What this task involves: In the records below, begin at the line containing "Le Creuset 3-ply" and end at the line containing "Baby Stroller Flat"; quote every line in that span exactly, including both boundary lines, and no others.

Listed entries:
------------------------------------------------

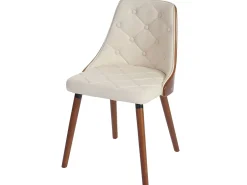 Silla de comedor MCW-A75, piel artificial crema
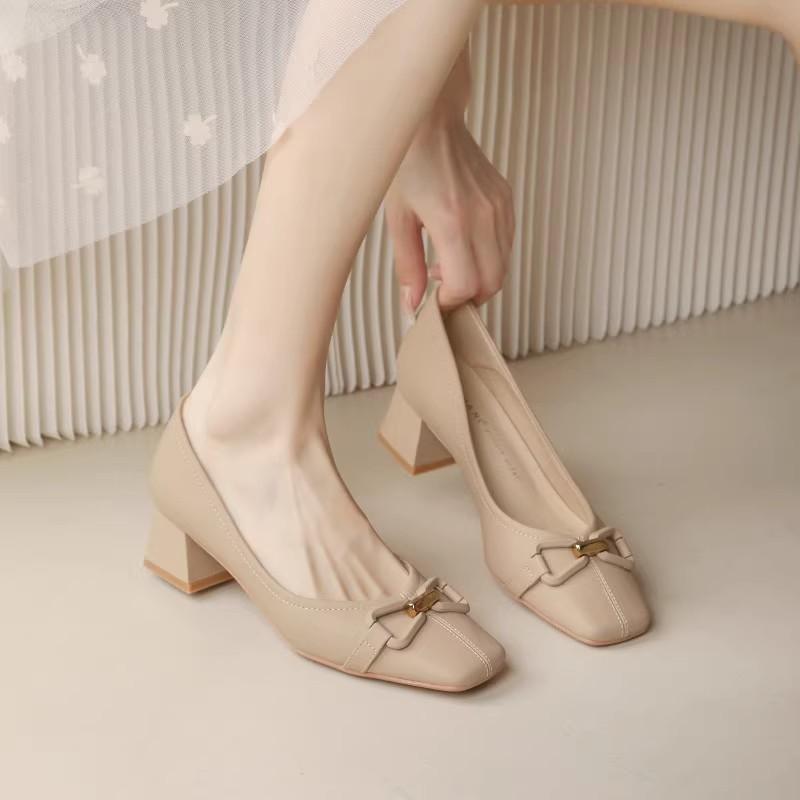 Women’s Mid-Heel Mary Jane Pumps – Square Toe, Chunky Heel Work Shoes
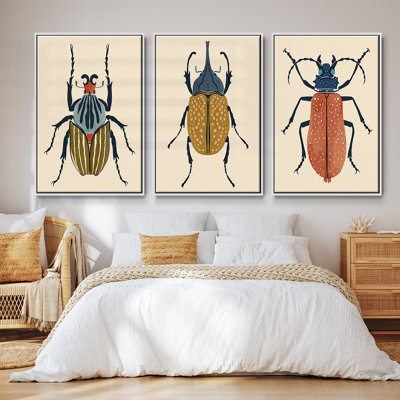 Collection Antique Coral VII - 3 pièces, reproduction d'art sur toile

------------------------------------------------

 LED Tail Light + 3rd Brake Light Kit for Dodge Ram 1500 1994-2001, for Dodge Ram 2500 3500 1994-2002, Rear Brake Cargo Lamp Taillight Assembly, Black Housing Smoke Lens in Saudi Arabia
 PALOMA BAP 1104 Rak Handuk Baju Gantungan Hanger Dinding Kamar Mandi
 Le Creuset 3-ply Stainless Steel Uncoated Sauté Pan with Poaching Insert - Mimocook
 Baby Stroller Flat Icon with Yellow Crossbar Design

------------------------------------------------

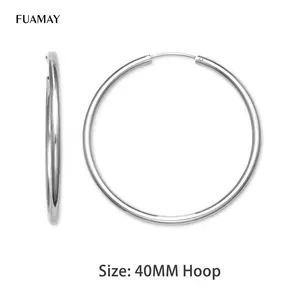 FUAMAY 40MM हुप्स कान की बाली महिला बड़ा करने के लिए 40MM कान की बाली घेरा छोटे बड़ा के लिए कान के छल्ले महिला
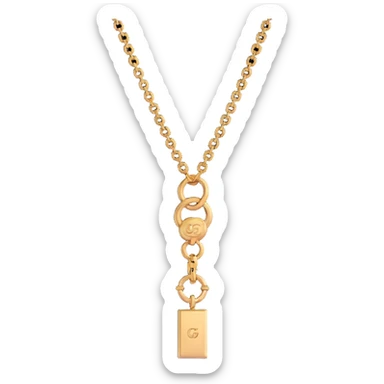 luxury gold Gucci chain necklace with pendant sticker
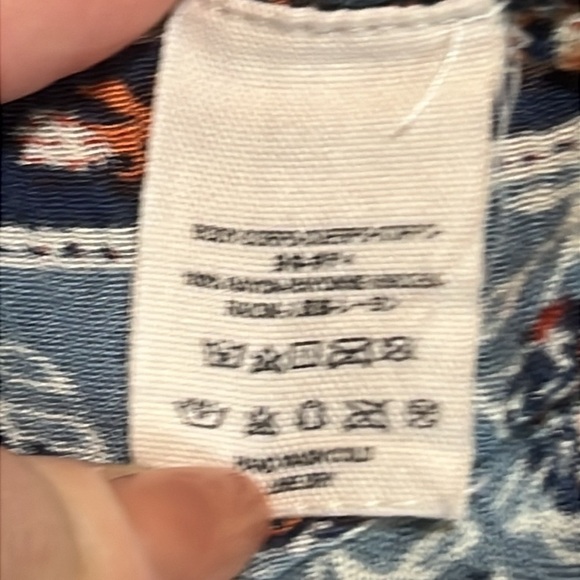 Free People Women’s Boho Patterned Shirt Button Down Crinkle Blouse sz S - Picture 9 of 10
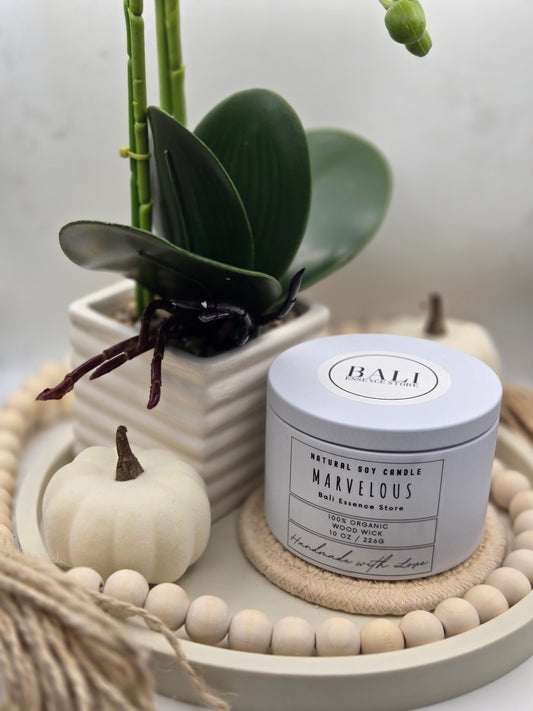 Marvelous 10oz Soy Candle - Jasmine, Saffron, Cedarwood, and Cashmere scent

------------------------------------------------

Solution:
 Le Creuset 3-ply Stainless Steel Uncoated Sauté Pan with Poaching Insert - Mimocook
 Baby Stroller Flat Icon with Yellow Crossbar Design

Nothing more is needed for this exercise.